YOUR INSTRUCTIONS: Word for word, return the lines from the top of the listing to the line containing "ゆりのプロフィール写真", both ends included, and no others.

RECORDS SUPPLIED:
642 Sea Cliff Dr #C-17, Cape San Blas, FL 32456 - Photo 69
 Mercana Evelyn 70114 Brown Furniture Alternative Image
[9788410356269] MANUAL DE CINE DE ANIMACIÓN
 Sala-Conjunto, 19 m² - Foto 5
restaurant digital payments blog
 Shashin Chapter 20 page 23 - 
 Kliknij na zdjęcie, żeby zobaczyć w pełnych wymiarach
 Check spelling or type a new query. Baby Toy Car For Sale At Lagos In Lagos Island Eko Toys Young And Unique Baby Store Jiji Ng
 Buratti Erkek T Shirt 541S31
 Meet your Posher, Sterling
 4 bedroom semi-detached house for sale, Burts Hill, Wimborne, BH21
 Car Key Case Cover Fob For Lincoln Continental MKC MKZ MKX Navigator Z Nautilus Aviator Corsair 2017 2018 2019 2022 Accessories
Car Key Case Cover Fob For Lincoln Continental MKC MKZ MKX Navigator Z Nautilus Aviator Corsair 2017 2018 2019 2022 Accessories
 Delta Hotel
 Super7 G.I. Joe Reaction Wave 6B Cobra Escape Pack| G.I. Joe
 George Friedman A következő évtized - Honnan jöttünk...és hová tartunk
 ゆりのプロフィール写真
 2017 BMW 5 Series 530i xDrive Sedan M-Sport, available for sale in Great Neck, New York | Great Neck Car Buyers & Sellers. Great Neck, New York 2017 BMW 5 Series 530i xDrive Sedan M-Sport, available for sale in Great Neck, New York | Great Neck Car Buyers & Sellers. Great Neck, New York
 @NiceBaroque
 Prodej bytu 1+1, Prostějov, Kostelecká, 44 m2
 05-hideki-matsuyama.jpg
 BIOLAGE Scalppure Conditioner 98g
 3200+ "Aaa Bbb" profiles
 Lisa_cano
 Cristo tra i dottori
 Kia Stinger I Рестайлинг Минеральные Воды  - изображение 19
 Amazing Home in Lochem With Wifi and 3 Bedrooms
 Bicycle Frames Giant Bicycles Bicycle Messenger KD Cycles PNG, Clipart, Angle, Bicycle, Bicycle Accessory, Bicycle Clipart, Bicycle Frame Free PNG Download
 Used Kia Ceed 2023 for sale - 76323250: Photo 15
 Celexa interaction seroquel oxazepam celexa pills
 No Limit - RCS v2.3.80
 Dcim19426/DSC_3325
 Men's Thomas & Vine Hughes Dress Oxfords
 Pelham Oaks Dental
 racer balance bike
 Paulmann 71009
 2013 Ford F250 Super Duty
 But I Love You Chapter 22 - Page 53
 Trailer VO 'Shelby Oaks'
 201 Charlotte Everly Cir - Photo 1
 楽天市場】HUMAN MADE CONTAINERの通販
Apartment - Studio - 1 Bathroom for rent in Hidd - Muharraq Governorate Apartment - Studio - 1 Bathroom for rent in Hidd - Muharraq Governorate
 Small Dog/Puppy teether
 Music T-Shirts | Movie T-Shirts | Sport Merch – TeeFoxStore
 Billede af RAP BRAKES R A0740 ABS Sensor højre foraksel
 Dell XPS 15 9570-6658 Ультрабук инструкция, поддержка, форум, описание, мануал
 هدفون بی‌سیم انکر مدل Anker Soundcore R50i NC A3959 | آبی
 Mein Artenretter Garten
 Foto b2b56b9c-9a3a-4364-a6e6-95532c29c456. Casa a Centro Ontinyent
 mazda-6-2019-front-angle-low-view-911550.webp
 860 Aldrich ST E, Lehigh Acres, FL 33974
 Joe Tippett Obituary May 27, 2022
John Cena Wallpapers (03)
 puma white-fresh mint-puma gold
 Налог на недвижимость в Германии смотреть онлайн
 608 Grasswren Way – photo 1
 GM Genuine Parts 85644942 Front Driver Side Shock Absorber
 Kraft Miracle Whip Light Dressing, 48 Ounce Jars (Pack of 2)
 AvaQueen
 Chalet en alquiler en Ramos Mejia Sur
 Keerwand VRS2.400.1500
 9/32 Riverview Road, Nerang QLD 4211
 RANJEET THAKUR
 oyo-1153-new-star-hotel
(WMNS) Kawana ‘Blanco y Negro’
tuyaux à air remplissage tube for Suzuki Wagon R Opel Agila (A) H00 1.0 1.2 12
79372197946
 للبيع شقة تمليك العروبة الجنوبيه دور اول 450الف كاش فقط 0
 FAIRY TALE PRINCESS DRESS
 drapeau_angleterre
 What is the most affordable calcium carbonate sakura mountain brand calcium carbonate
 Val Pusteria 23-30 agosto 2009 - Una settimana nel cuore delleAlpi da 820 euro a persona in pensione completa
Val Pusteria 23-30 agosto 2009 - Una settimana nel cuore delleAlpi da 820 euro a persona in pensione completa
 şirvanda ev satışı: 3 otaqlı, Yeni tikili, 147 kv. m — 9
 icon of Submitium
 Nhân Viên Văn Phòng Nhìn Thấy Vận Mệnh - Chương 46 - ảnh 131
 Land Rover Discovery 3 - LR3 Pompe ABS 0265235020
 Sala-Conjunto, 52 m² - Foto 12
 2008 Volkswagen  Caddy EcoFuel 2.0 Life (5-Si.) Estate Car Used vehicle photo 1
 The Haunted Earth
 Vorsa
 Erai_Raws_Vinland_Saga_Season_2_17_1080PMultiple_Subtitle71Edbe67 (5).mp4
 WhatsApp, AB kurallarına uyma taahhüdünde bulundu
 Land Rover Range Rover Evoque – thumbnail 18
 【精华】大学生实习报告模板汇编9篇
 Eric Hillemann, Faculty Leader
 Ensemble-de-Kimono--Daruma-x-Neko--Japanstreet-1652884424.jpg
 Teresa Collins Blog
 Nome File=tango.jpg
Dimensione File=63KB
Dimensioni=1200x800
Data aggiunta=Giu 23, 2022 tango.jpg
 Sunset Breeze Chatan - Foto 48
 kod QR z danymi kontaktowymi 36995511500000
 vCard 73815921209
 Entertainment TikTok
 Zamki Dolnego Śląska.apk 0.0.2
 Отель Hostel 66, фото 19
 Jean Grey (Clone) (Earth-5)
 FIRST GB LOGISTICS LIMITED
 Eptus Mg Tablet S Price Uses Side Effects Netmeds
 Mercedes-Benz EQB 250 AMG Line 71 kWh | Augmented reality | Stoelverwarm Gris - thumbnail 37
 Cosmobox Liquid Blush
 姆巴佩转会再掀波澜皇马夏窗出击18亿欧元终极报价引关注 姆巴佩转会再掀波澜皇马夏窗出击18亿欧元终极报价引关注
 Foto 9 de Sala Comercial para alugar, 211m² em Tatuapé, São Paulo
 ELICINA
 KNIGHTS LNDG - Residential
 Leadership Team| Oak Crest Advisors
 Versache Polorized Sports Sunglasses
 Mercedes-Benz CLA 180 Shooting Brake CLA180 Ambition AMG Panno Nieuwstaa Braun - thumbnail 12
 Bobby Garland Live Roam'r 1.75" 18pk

RESPONSE:
642 Sea Cliff Dr #C-17, Cape San Blas, FL 32456 - Photo 69
 Mercana Evelyn 70114 Brown Furniture Alternative Image
[9788410356269] MANUAL DE CINE DE ANIMACIÓN
 Sala-Conjunto, 19 m² - Foto 5
restaurant digital payments blog
 Shashin Chapter 20 page 23 - 
 Kliknij na zdjęcie, żeby zobaczyć w pełnych wymiarach
 Check spelling or type a new query. Baby Toy Car For Sale At Lagos In Lagos Island Eko Toys Young And Unique Baby Store Jiji Ng
 Buratti Erkek T Shirt 541S31
 Meet your Posher, Sterling
 4 bedroom semi-detached house for sale, Burts Hill, Wimborne, BH21
 Car Key Case Cover Fob For Lincoln Continental MKC MKZ MKX Navigator Z Nautilus Aviator Corsair 2017 2018 2019 2022 Accessories
Car Key Case Cover Fob For Lincoln Continental MKC MKZ MKX Navigator Z Nautilus Aviator Corsair 2017 2018 2019 2022 Accessories
 Delta Hotel
 Super7 G.I. Joe Reaction Wave 6B Cobra Escape Pack| G.I. Joe
 George Friedman A következő évtized - Honnan jöttünk...és hová tartunk
 ゆりのプロフィール写真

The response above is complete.